§ **TASK DESCRIPTION**: Pictures stay out of this copy, which runs from the first line of the material through the line containing "Pendientes de bola de oro blanco".

§ **INFORMATION SUPPLIED**:
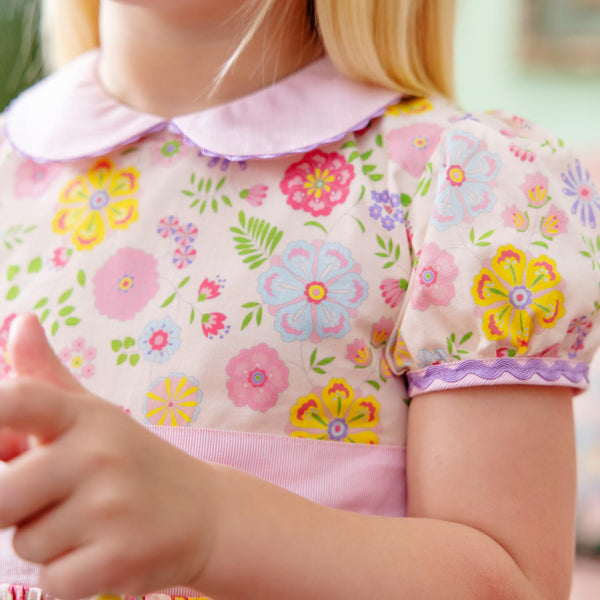 Cindy Lou Sash Dress Boca Grande Begonia with Hamptons Hot Pink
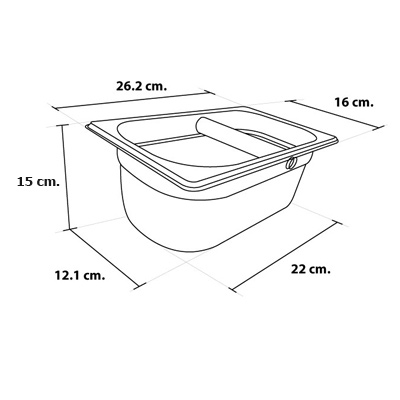 Rectangle Stainless Knockbox Deepth 15 cm. 1610-108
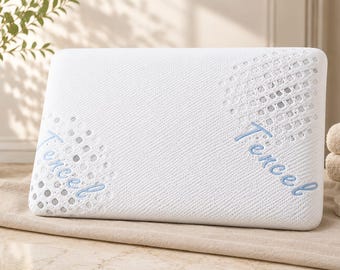 Almohada Premium de Espuma Viscoelástica – Funda de Tencel, Alta Densidad 45 kg/m³, Funda Desenfundable y Lavable, Almohada de Soporte para el Cuello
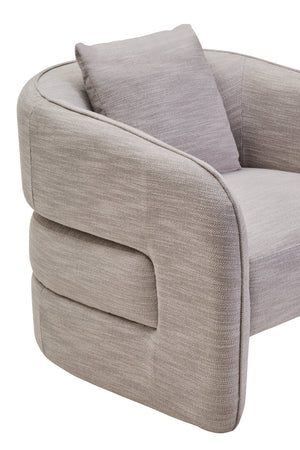 Bilani Grey Linen Effect Curved Chair detail image – Xshowhome furniture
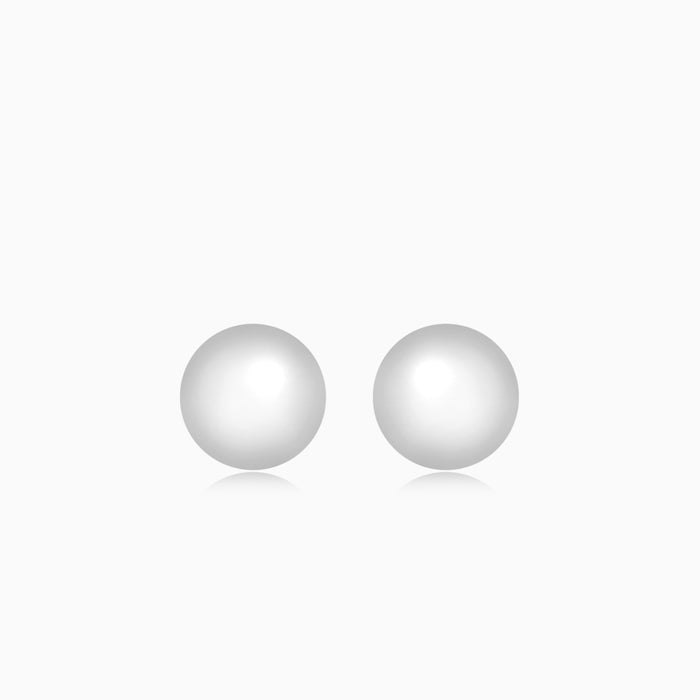 Pendientes de bola de oro blanco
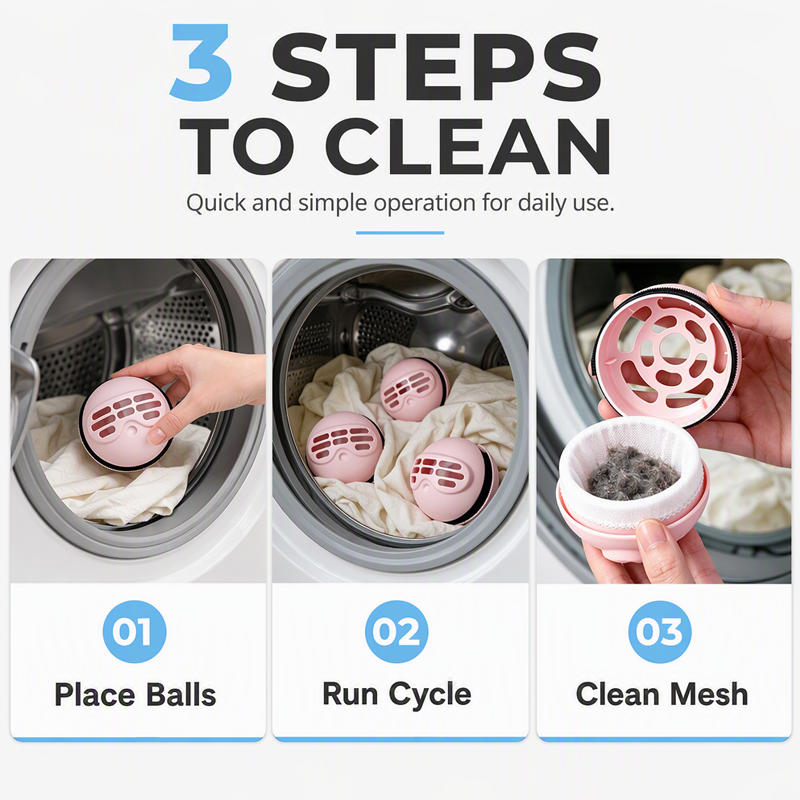 🥳2026 HOT SALE🥳💞50K+ SOLD! 🧺🐾 50% OFF! 2‑in‑1 Lint Remover & Laundry Ball – Built‑in magic tape captures pet hair, lint & debris. Anti‑tangling design protects clothes – clean laundry, happy you! ✨🧦
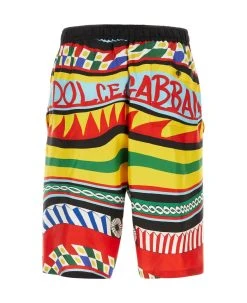 Dolce & Gabbana Printed Satin Bermuda Shorts -Stylish Men-Dolce & Gabbana fb1db611388c5d29761fbd3acd2ca79d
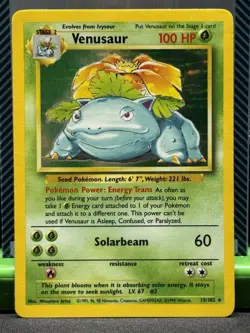 Pokemon TCG Venusaur Base Set Holo Unlimited Rare Card 15/102 LP Condition - Image 1
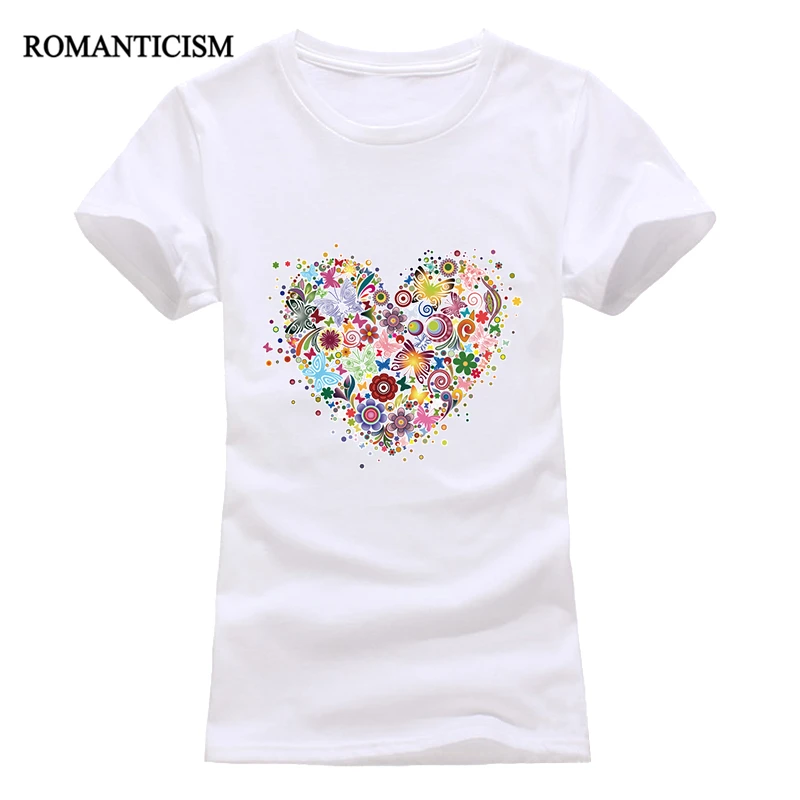 EXPERTEE 2017 summer Beautiful heart-shaped printing girl t-shirts fashion t shirt women slim tees tops | Женская одежда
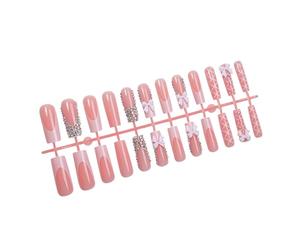 24 unghie finte eleganti quadrate lunghe e eleganti con disegni fiocchi e 3D Facile applicazione Stampa sulle unghie per donne finti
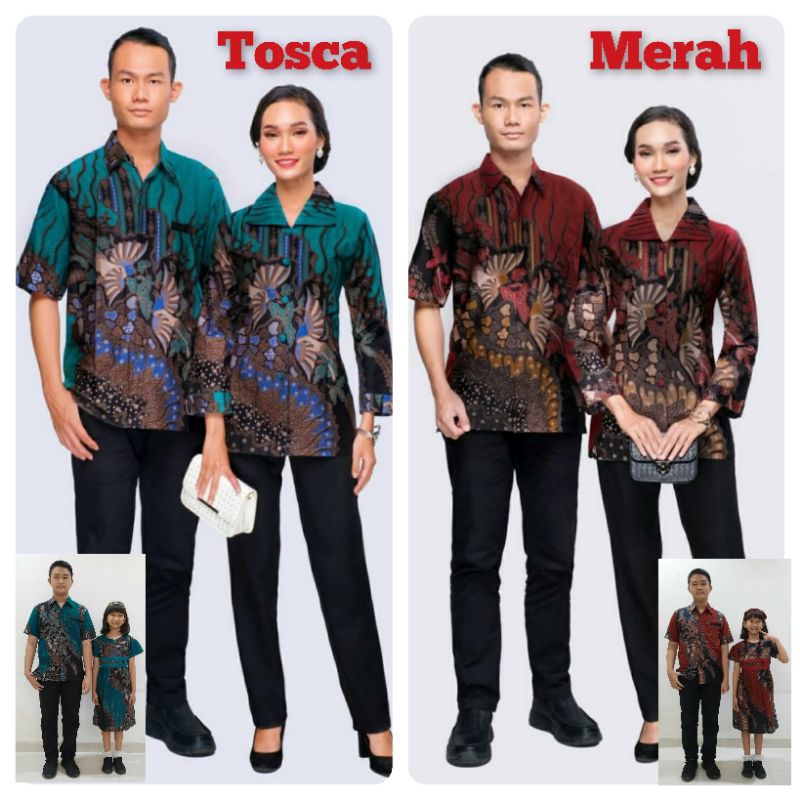 Atasan batik couple keluarga keris merah / tosca
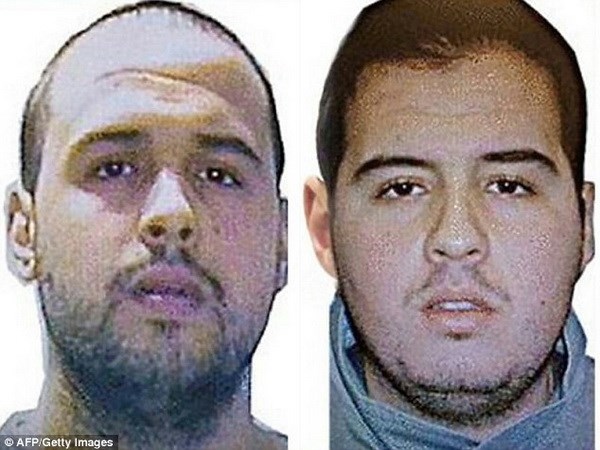 Ibrahim El Bakraoui (phải) và em trai Khalid El Bakraoui. (Nguồn: AFP)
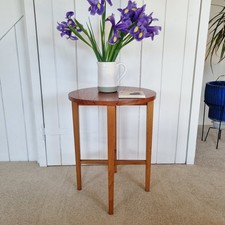 Tavolino da caffè rotondo piccolo vintage in teak comodino pieghevole supporto piante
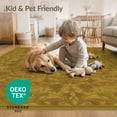 thumbnail image 4 of ODIKA 9'x12' Washable Area Rug Non-Shedding, Easy Care Terracotta Olive Floral Motif Design With Symmetrical Layout for Master Suite, California King, Under Bed, 4 of 7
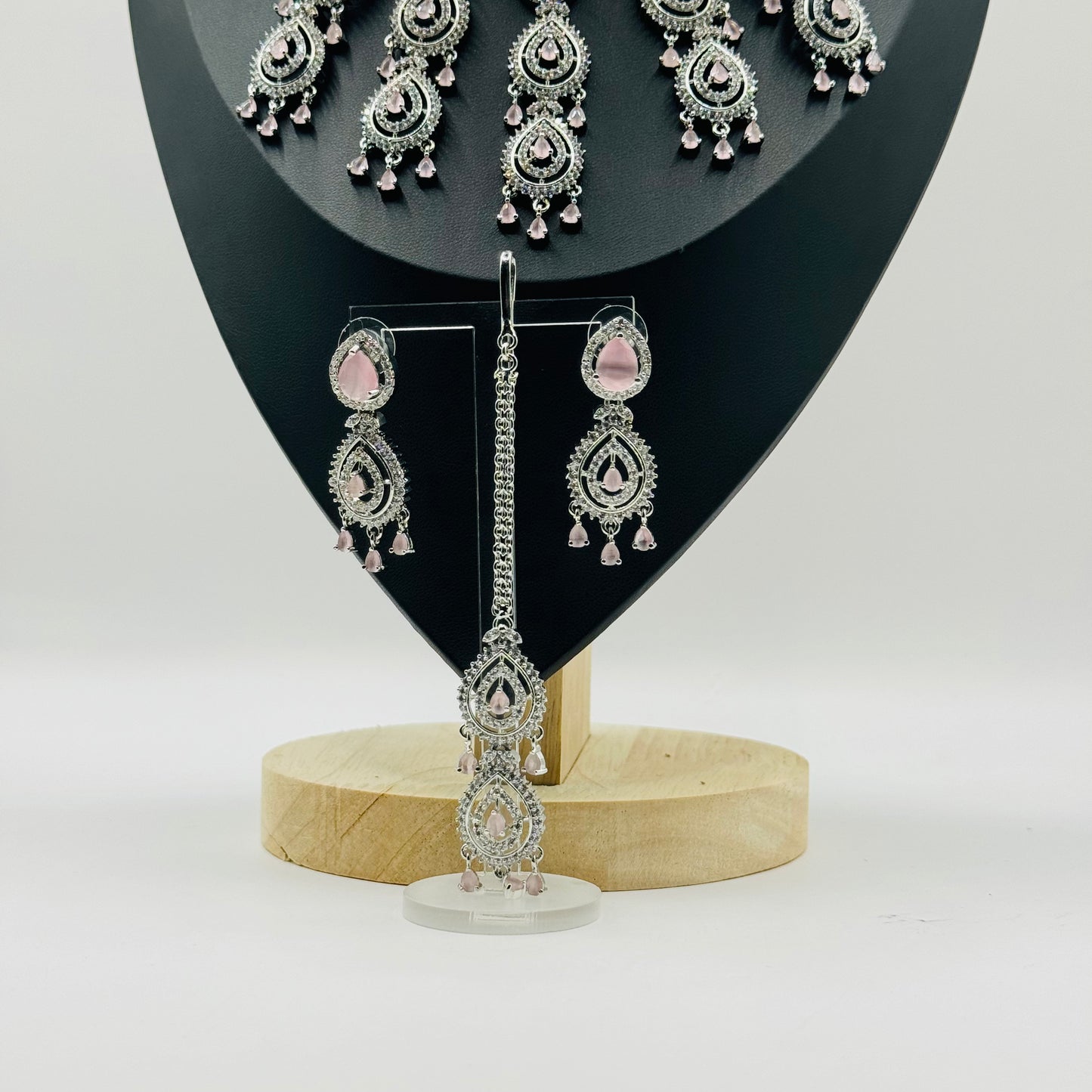 Pink Drop Diamond Set - Radiant Sophistication in Indian Jewelry, USA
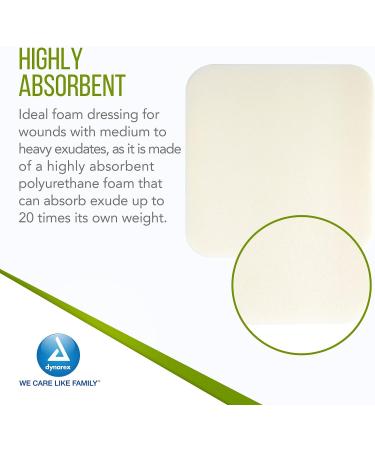 Dynarex CuraFoam Foam Dressings 4 x 4.25 Inch/10 Count - Sterile Non-Bordered Pads for Medium to Heavy Exuding Wounds - Cushioned Moist Wound Care - 1 Box - Buy Online on GoSupps.com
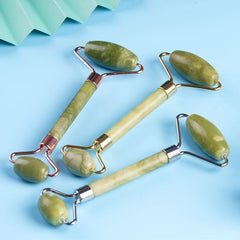 2pcs Jade Gua Sha Board Roller Set Facial Massage Tool Body Gua Sha Massager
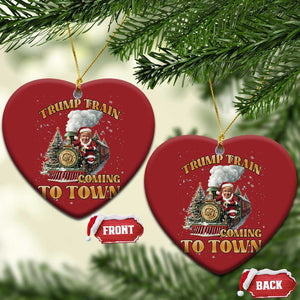 Funny Trump Xmas Christmas Ornament Santa Trump Train Coming To Town TS09 Heart Red Print Your Wear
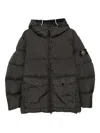 Yves Salomon Logo-patch Hooded Puffer Jacket In Gray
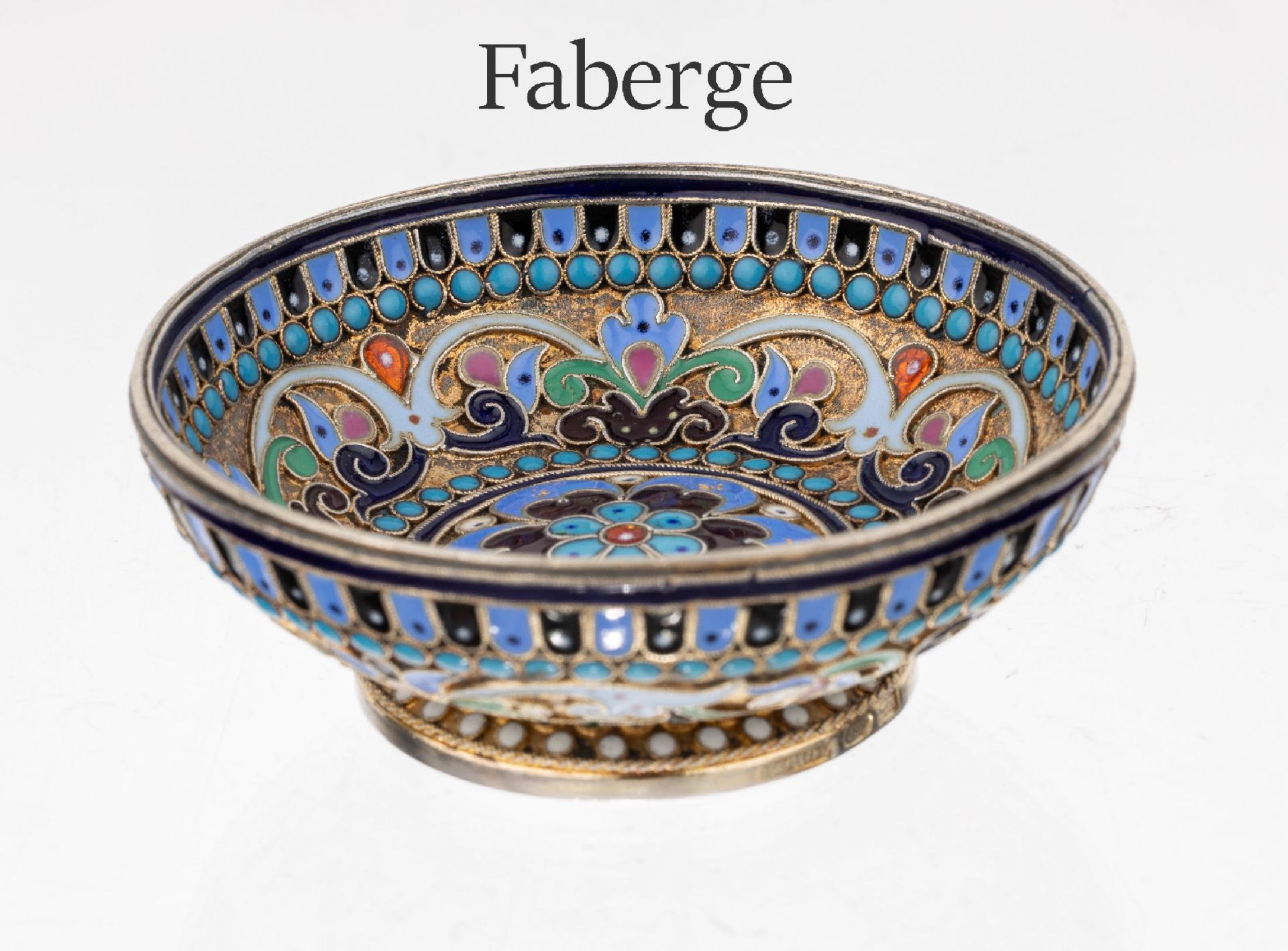 FABERGE Schälchen mit Cloisonne-Email, 84erSilber,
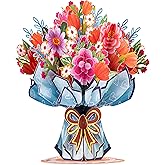 Paper Love HugePop 3D Vibrance Bouquet Pop Up Card with Detachable Paper Flower Bouquet, For Birthday, Anniversary, Wedding, Thank You, All Occasions - Jumbo 10" x 14" Cards - Includes Envelope and Note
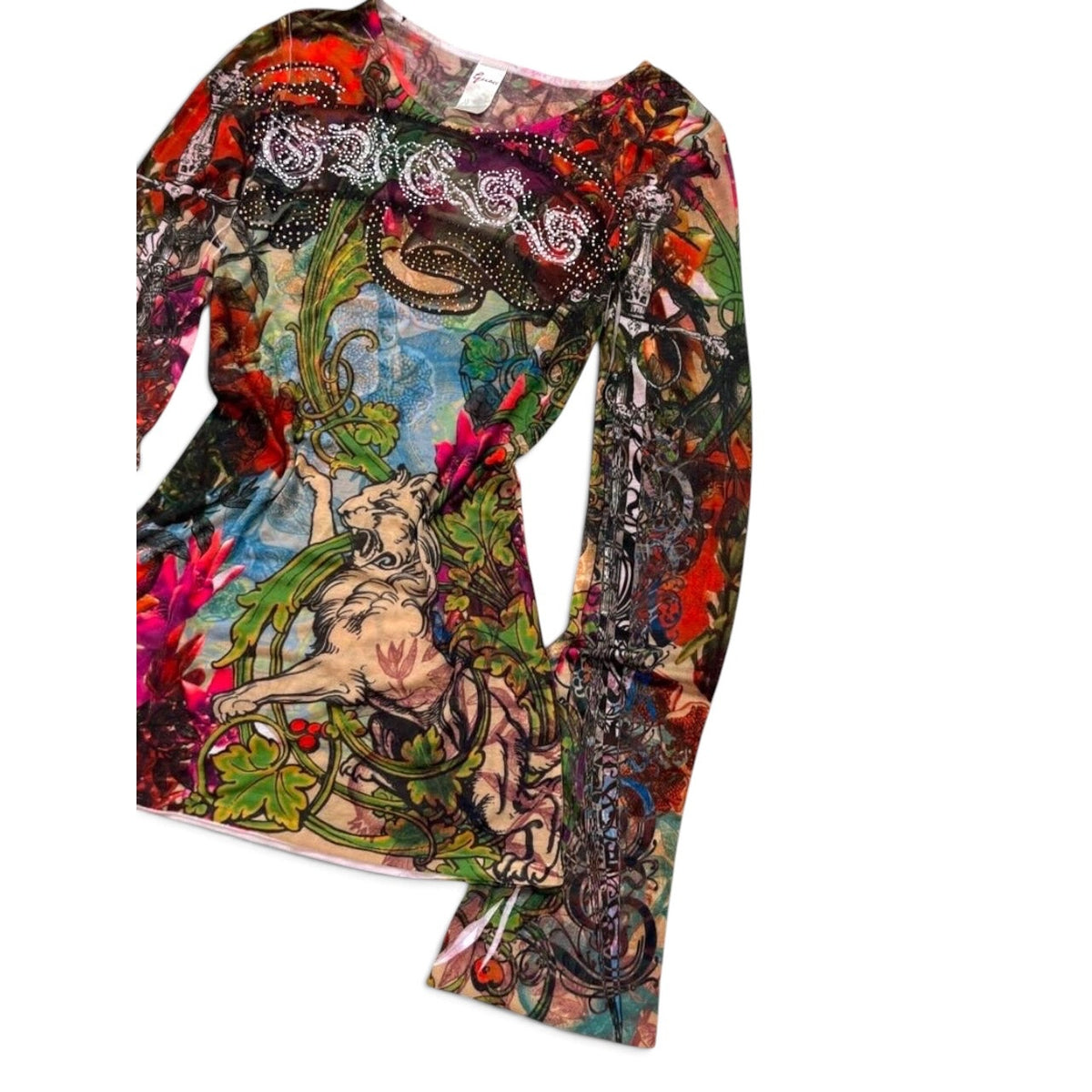 Guess Women’s Printed Rhinestone Long Sleeve Top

§ **ANSWER BOX**:
 Cindy Lou Sash Dress Boca Grande Begonia with Hamptons Hot Pink
 Rectangle Stainless Knockbox Deepth 15 cm. 1610-108
 Almohada Premium de Espuma Viscoelástica – Funda de Tencel, Alta Densidad 45 kg/m³, Funda Desenfundable y Lavable, Almohada de Soporte para el Cuello
 Bilani Grey Linen Effect Curved Chair detail image – Xshowhome furniture
 Pendientes de bola de oro blanco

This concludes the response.